AEGIS Europe, an alliance of European industries, has taken particular issue with the fact that mainland China allegedly still continues to operate along non-market economy lines and, therefore, any new methodology contained in the proposal would need to include a clear link with the EU’s five market economy criteria. Milan Nitzchke, spokesperson for AEGIS Europe said that these criteria are “an essential tool to defend off predatory Chinese manufacturing practices that are borne of massive overcapacity and state-subsidised dumping in the market”. He added that it is for mainland China, and not complainants, to prove that it fulfils market economy criteria and eliminates market distortions. AEGIS is adamant that such a strict approach would be necessary to protect European investments and manufacturing jobs.

Nitzchke expressed specific concern that the Commission’s stated intention to shift the focus from MES to evaluating market distortions during an investigation could result in an increased burden for complainants.
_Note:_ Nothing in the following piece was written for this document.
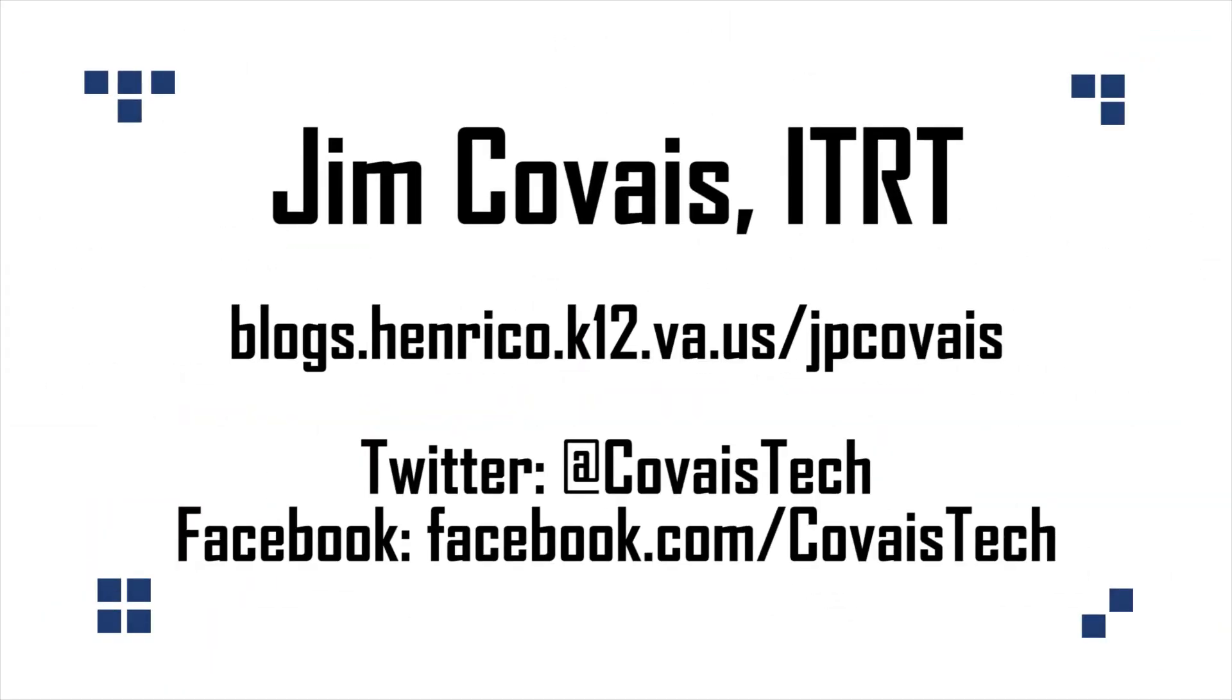That about does it. Now if you have any questions, feel free to contact me. Now go use this in your classroom and have fun teaching.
In his view, this would put European industries, and particularly SMEs, at a real risk of not being able to bring forward complaints against dumped imports from mainland China.

Axel Eggert, Director-General of EUROFER, the European Steel Association, echoed similar comments before the meeting of trade ministers in Bratislava. He also pressed the point that mainland China must fulfil the five EU criteria for market economy status, noting that it only fulfils one of them at present. Going further, he stressed that mainland China did not even “have an economy in which the market determines prices – one of the most basic elements in determining eligibility for MES status”. Eggert did, however, attempt to identify a silver lining; he pointed to the fact that EU trade policy’s current challenges had created a real opportunity to make progress on lifting the LDR.

Forceful comments from EU industry representatives on mainland China’s MES are nothing new for the EU. In July 2016, another industry heavyweight, Eurometaux, an association of non-ferrous metal producers and recyclers, sent a letter to the Commission urging it not to “prematurely grant MES to China”. Keen to point out that a mainland China with MES does not just pose a threat to the EU’s steel industry – a matter which has often taken the spotlight in preceding discussions – Guy Thiran, the association’s Director-General, said that state-supported Chinese overcapacities were just as dangerous in other metal sectors.